The first time I heard Matthew Ryan was just before Christmas 1997. I found his debut disc, May Day, and was instantly smitten. Ryan’s gravelly voice was reminiscent of Tom Waits, his guitar suggested Bruce Springsteen, but his words and music were wholly his own, and they floored me in a way that few acts ever had before or have since.
It was the quietly devastating songs that moved me most, the way he seemed consigned to his fate on songs like “Certainly, never.” But Matthew Ryan could light up a guitar too, and his rocking songs were just as good.
Sadly, me and the many, many fans across the country who felt the same weren’t enough to keep him in high cotton at A&M Records, and he was dropped by the label after his second disc East Autumn Grin failed to capture a wide audience upon its release in 2000, despite being one of his best releases ever.
Many artists might have just given up. But he kept making music, kept moving down the road. And I know I’m not the only person who is thankful that he did.

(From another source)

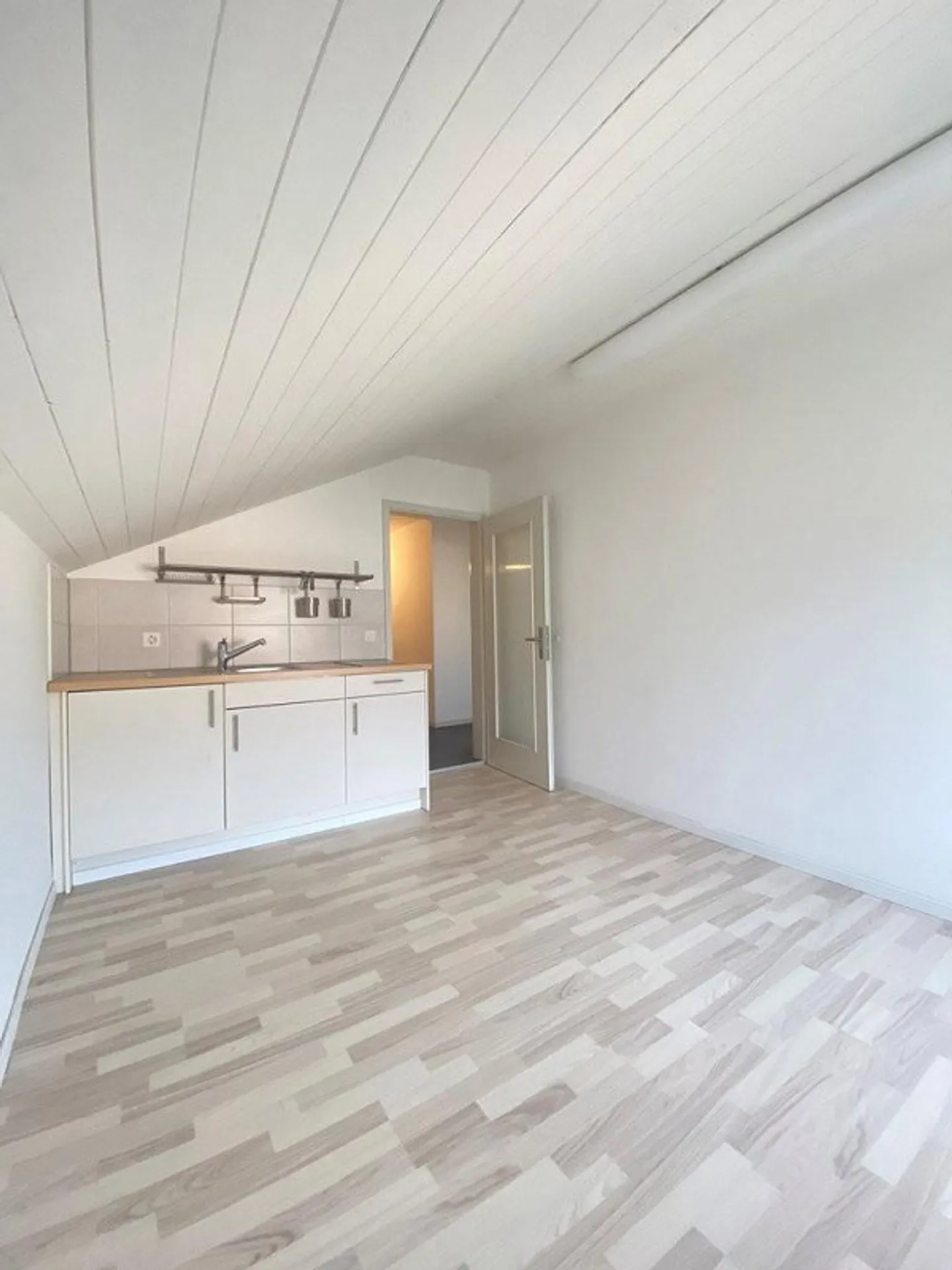 2 Room Apartment - Photo 3 of 7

Why? Because Matthew’s music is the stuff that mixtapes were made of. Way back in the days before iPods and mp3’s, the mixtape was a sonic poem, a way to give sound and fury and pain to the feelings tugging at your heart, whether driving fast down a two-lane blacktop at night or sitting alone in your house on the couch after a bad break-up, crying.

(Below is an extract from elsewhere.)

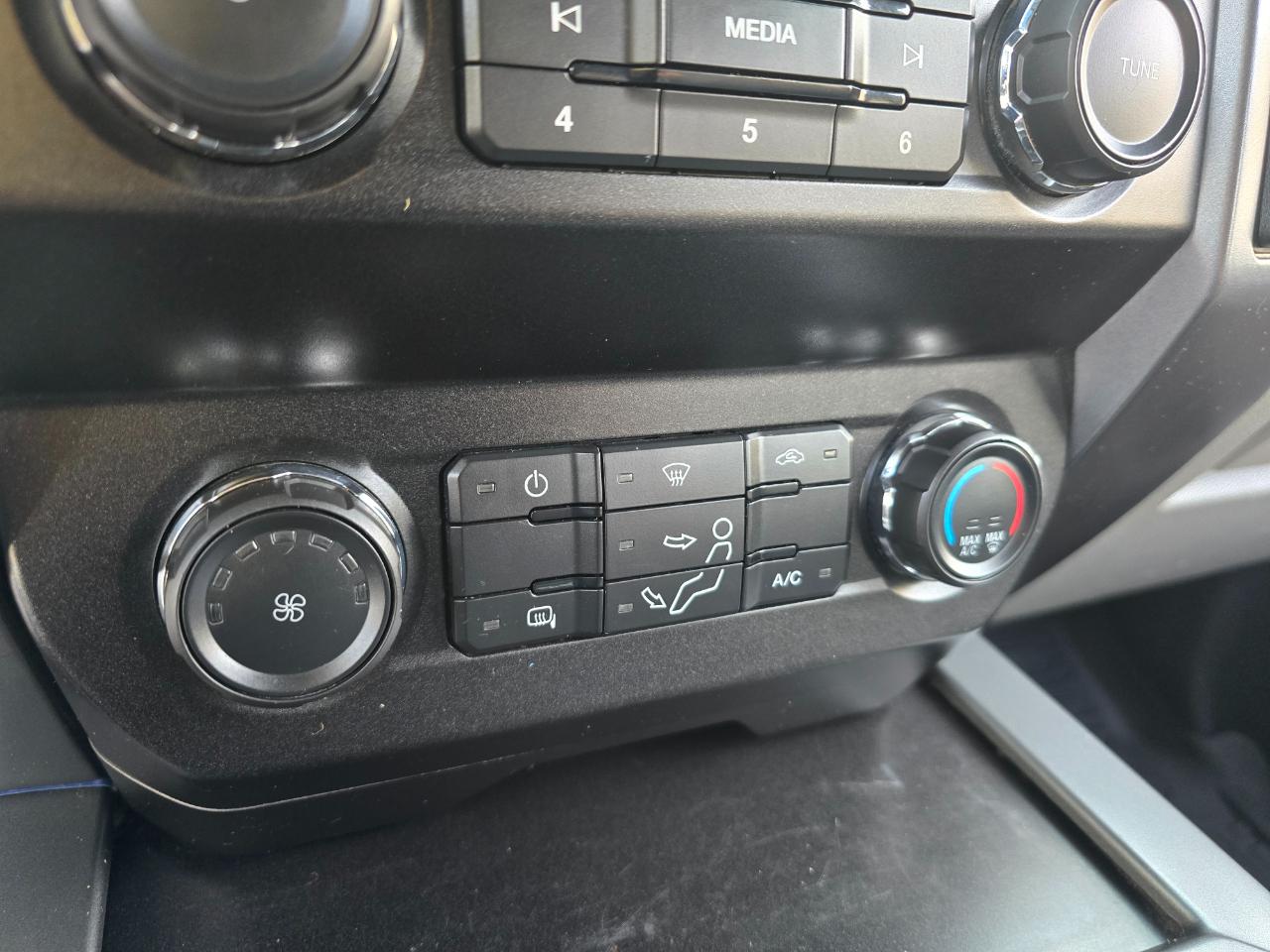 Ford Super Duty F-250 SRW XLT 4WD Crew Cab 6.75' Box 2020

I peppered so many tapes and, later, CDs, with his songs – whether rollicking rockers like “Guilty” and “Heartache Weather” or somber laments like “Time and Time Only” and “Irrelevant.” His songs always seemed to fill the pivotal slot on the mixtape rotation, that special place that you wanted a kick-ass song to come in and just lift your spirits and perfectly capture the hurt in your heart.

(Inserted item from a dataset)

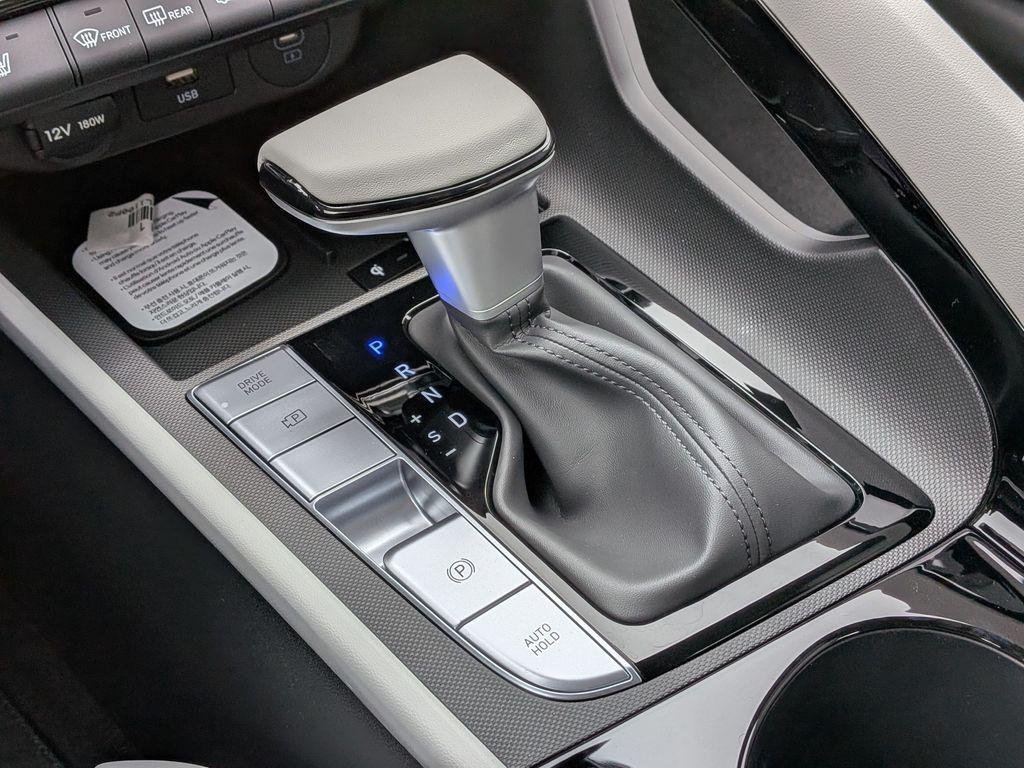 New 2026 White Hyundai Limited image 22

Even though cassette tapes have long since passed, in the advent of this digital age, I am happy to report that Ryan is an accessible artist who has embraced the 21st century. He’s an avid tweeter who personally interacts with fans on social media, whether Twitter or Facebook. He’s a funny guy, too. Genuine and real.
i recall standing as though nothing could fall is vintage Matthew Ryan. Like each of the efforts that preceded it, the disc has its share of up-tempo, guitar-driven tracks (a personal favorite being, “All Hail the Kings of Trash”) and slower ballads and plaintive portraits of life and love left reeling and trying to recover (“Hey Kid,” “All of That Means Nothing,” “My Darker Side”).
See, that’s the thing that distinguishes him from other singer-songwriting troubadours. Matthew Ryan makes desolation, desperation and despair sound good.
That downtrodden resignation reigned supreme on his early work. It lessened a bit in the mid-2000’s only to return for the double-punch of 2009’s Dear Lover and 2010’s Dear Lover (The Acoustic Version).
And upon first listen to i recall, he still struggles with the darkness that might destroy a lesser soul. But amid the worry, a theme seems to appear. Instead of provoking an incident, Matthew Ryan is now forging alliances. He wants to negate war and broker peace, however tremulous that peace might prove to be.